We’ve all seen it. Sitting, watching a pleasant or distracting film or TV show, when suddenly something from your area of expertise is featured, and it’s so ludicrously wrong – or just wrong enough to annoy you – that enjoying the rest of the programme becomes a chore.
It happens to me every now and again when I see journalists in action on the big or small screen, but increasingly I see ridiculous security scenarios played out – particularly detectors with conveniently visible laser-type beams to avoid, often found protecting huge gemstones in museums.
One of the most common technically ambitious tasks seen in films, and often in TV shows like CSI, is the never-ending zoom, and the infinite number of pixels.
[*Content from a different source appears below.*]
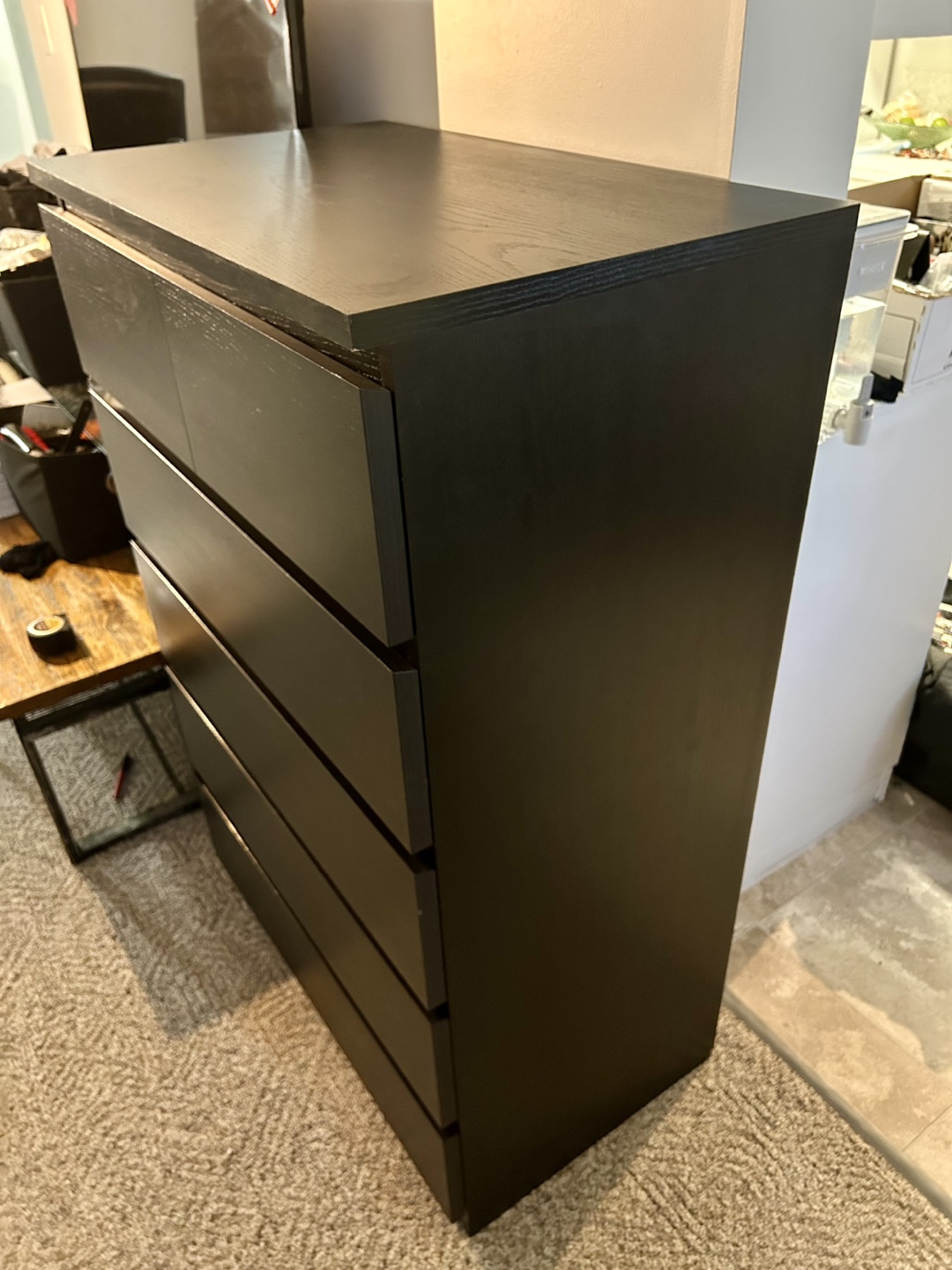 IKEA Black Dresser with 6 Drawers (MALM) - photo 2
An image that looks dark and blurry will be ‘cleaned up’ within a matter of seconds. And while I realise things have improved recently in the megapixel area, these super-zoom incidents have been happening for years – notably in Kevin Costner Pentagon flick No Way Out, from 1987.
And I saw idiotic Denzel Washington movie Deja Vu earlier this year, but I am still unclear as to exactly what it was about. I think it had to do with CCTV cameras that see into the future – or maybe the past? Rubbish, anyhow.
I’m keen to hear of any instances that you can think of where security on the screen, big or small, has been just plain wrong.